Gosse, sous-marchand des Indes et chancelier du consulat, succéda intérimairement à Martinville jusqu’au 25 août 1742 ; il fut remplacé à ce moment par Otter, un savant d’origine suédoise que la Bibliothèque du roi avait envoyé en Perse pour y acheter des vieux livres et manuscrits. Après un séjour d’environ deux ans à Ispahan, Otter était venu à Bassora, où Martinville l’avait employé comme interprète. C’était un esprit judicieux et avisé et sa connaissance des langues du pays nous rendit les plus grands services. Il ne désirait pas le poste qu’on lui confia et ne chercha que faiblement à s’y maintenir. Gosse, qui avait repris la chancellerie mais soutenait que le consulat ne pouvait être attribué qu’à un employé de la Compagnie, lui fit une opposition constante et malveillante, et comme il était neveu de Saintard, l’un des directeurs de la Compagnie, ses intrigues remportèrent et le 8 mai 1743, il remplaça Otter, rappelé en France[2].

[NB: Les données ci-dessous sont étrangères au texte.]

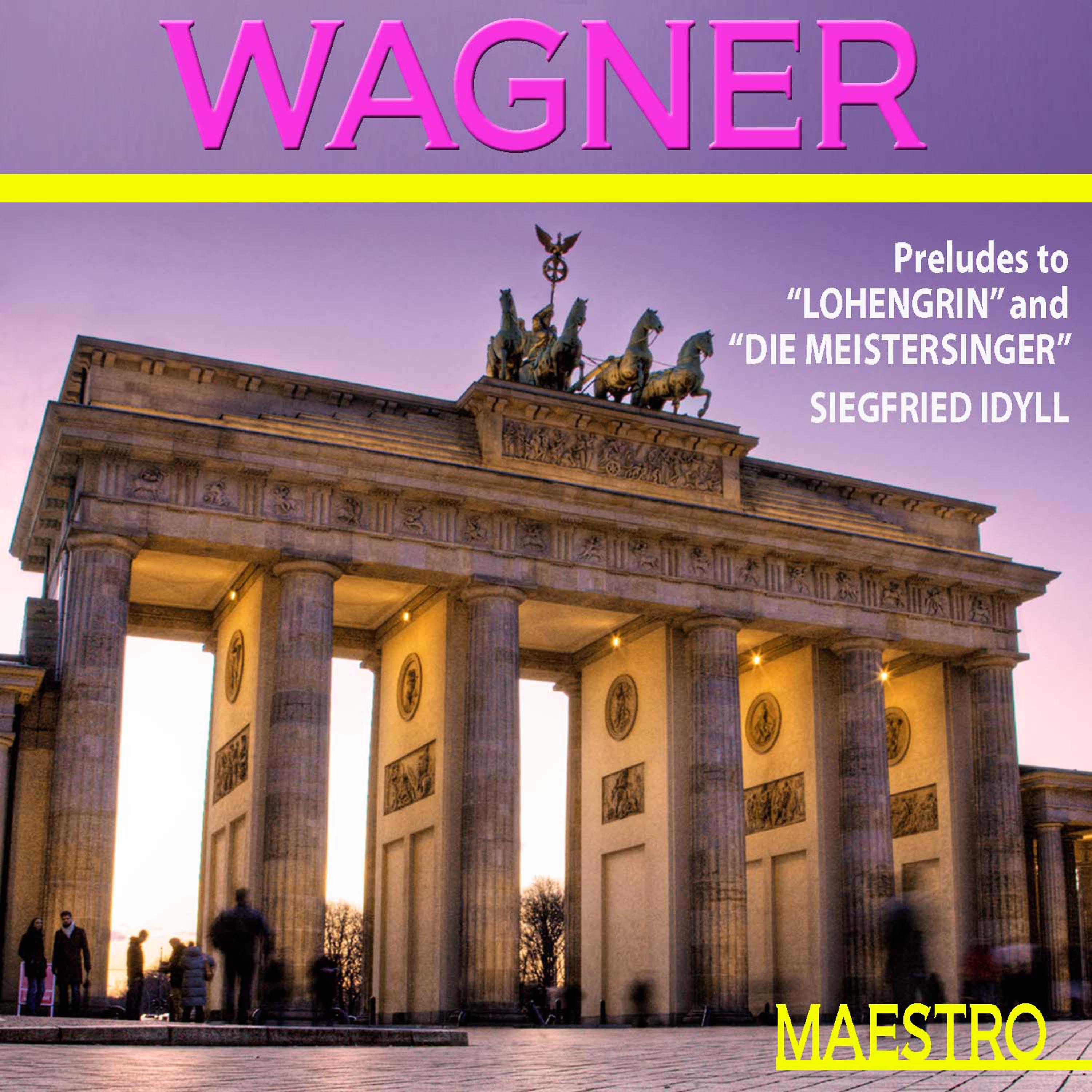 Постер альбома Wagner: Preludes To "Lohengrin" And "Die Meistersinger", Siegfried Idyll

Le consulat de Bassora n’était pourtant guère enviable. La ville et le pays étaient malsains ; le commerce n’était pas toujours prospère et les conditions de l’existence étaient quelquefois pénibles. Le consul était tenu à certaines dépenses de représentation et ses appointements, même accrus du droit de 2 % sur les ventes, n’étaient pas toujours suffisants pour y faire face. Gosse passa son temps à demander à la Compagnie qu’on lui donnât plus d’argent. Celle-ci n’était pas en principe hostile aux relèvements de solde ou de crédit ; mais elle n’avait jamais considéré le consulat de Bassora que comme une expérience et l’expérience n’était pas heureuse. Aux aléas habituels du commerce étaient venues s’ajouter l’insécurité produite par les guerres constantes de Nadir-Cha, roi de Perse, et les menaces d’hostilités avec l’Angleterre. Ni le présent ni l’avenir ne paraissaient assurés. Aussi, loin de donner satisfaction à Gosse, la Compagnie décida-t-elle de supprimer le consulat lui-même et prescrivit-elle (26 mai 1744) au Conseil de Chandernagor de s’entendre avec les capitaines des navires pour ramener dans l’Inde Gosse et son personnel.

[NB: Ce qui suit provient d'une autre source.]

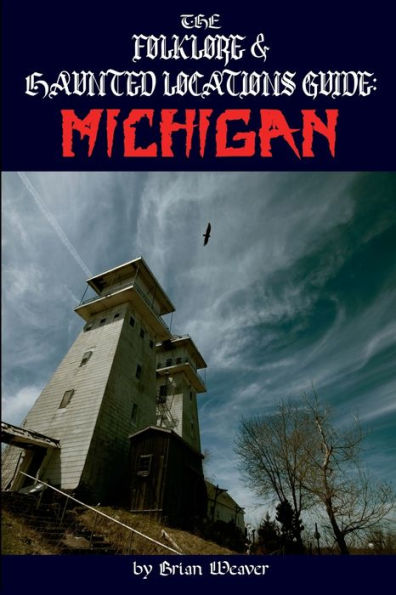 The Folklore & Haunted Locations Guide: Michigan:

Leur départ fut moins facile qu’on ne pourrait le supposer. Les consuls ou agents des compagnies européennes en Orient et dans l’Extrême-Orient ne pouvaient quitter leurs postes sans une autorisation expresse ou tacite des puissances au milieu desquelles ils étaient établis. N’étaient-ils pas pour elles les garants de la continuation du commerce et de l’acquittement des dettes, les meilleurs contribuables pour les droits de douane, et les victimes résignées des exactions qu’il plaisait aux autorités locales de nous imposer pour augmenter leurs recettes ?

Gagné sans doute par quelque cadeau, le mousselem ou gouverneur turc de Bassora ne s’opposa pas au départ de Gosse, qui s’embarqua le 15 juillet 1745, mais il nous fallut laisser un employé pour liquider les affaires en cours. Cet employé, nommé Dumont, resta encore deux ans à son poste de sacrifice et il acheva en effet d’y régler les comptes de la Compagnie, recouvrements de créances et ventes de marchandises. Bassora étant une ville d’observation politique non moins que de commerce, Dupleix n’était pas d’avis qu’on cessât d’y avoir un représentant permanent, fut-il ou non consul. Ses vues qu’il exposa à la Compagnie par lettre du 31 janvier 1747 ne furent pas contrariées ; on le laissa libre d’agir comme il l’entendrait, mais au cours de cette correspondance Dumont était rentré à Pondichéry[3].

On ne revint pas toutefois à l’état de choses qui régnait avant 1738, où les Carmes remplissaient les fonctions consulaires, sans rien entendre au commerce. Dumont, au moment de son départ, leur confia tous les papiers concernant les privilèges de la nation, mais ils devaient à leur tour les remettre aux premiers capitaines ou subrécargues français qui arriveraient à Bassora. Ce seraient eux qui, pendant la durée de leur séjour, seraient chargés des affaires de la Compagnie et des particuliers, l’opération se renouvelant chaque année avec de nouveaux venus.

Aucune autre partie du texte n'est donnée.